Price Book Value dan Price Earning Ratio

Price Book Value dan Price Earning Ratio
Bursa Efek Indonesia (BEI). Foto: Istimewa

KIRKA – Price Book Value dan Price Earning Ratio merupakan rasio yang paling umum digunakan oleh kalangan investor untuk menilai valuasi perusahaan.

Selain Price Book Value dan Price Earning Ratio ada juga PER to growth, EV/EBITDA, RNAV dan DCF.

Orang-orang seringkali mendefinisikan valuasi sebagai harga. Padahal valuasi berbeda dengan harga.

Harga adalah sesuatu yang harus dibayarkan, sedangkan valuasi adalah nilai yang akan didapatkan.

Valuasi adalah nilai wajar dari sebuah perusahaan, jika perusahaan tersebut dijual.

Jadi, valuasi saham erat kaitannya dengan nilai intrinsik alias nilai wajar dari sebuah saham.

Sedangkan harga saham merupakan harga yang ditawarkan di pasar.

Harga saham bisa lebih tinggi dari nilai wajar sebuah saham, atau lebih rendah daripada nilai wajar.

Berikut uraian Price Book Value yang bagus dan Price Earning Ratio ideal saham.

Price Book Value Saham yang Bagus

Price Book Value saham yang bagus sebenarnya adalah di bawah 1 yang mengartikan bahwa harga suatu saham sedang dalam kondisi undervalued sehingga merupakan waktu cocok untuk kita beli.

Begitu juga sebaliknya, apabila nilai Price Book Value (PBV) berada di atas 1, maka saham tersebut sedang berada dalam kondisi overvalued.

Melalui analisis PBV dapat mengetahui seberapa besar pasar menghargai nilai buku saham suatu perusahaan.
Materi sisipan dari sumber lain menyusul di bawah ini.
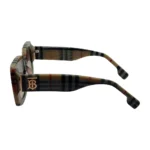 جزئیات فریم کائوچویی عینک آفتابی Burberry با طرح چهارخونه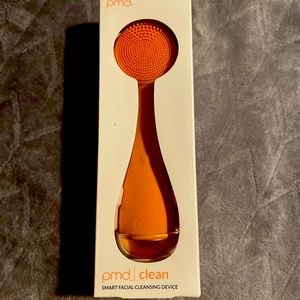Pmd clean smart facial cleansing device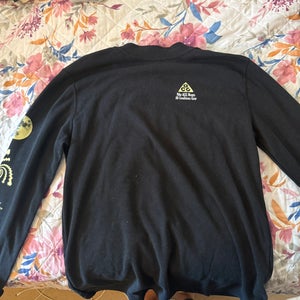 Black Large Kids Unisex Nike Shirt (Used)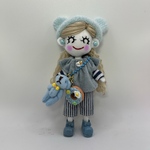 ブルーのパンツコーデのドールチャーム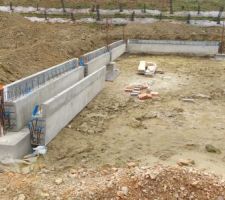 Début de la pose des longrines préfabriquées béton - Oc Résidences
Semakin tinggi rasio PBV suatu perusahaan berarti semakin tinggi pula kepercayaan pasar akan prospek perusahaan tersebut.

Cara interpretasi harga wajar saham dengan PBV adalah bahwa harga suatu saham akan dianggap wajar (fairvalue) ketika nilai PBV = 1.

Dengan kata lain, harga saham harus setara (sama) dengan nilai bukunya. Saham dengan PBV lebih besar dari 1 dianggap mahal (overvalued).

Price Earning Ratio Ideal Saham

Price Earning Ratio ideal saham bila dilihat dari nilai PER ideal mulai dari 20 sampai 25 kali lipat penghasilan.

Namun, nilai tersebut harus disesuaikan dengan sektor usaha yang dioperasikan. Sebagai contoh, rata-rata nilai Price Earning Ratio (PER) perusahaan alat rumah tangga adalah 24.

Bagaimana bila PER saham minus, bila Price Earning Ratio sebuah perusahaan rendah artinya mereka undervalued karena harga saham mereka relatif rendah daripada harga patokan.

Kesalahan harga ini akan menjadi tawaran besar dan akan mendorong investor untuk membeli saham sebelum pasar mengoreksinya.

Price Earning Ratio yang baik adalah yang bernilai kecil dibandingkan dengan PER perusahaan lain dalam sektor serupa.

Ketika nilai PER kecil, maka harga saham relatif murah untuk dibeli investor dan semakin baik pula kinerja per lembar saham dalam menghasilkan keuntungan bagi perusahaan.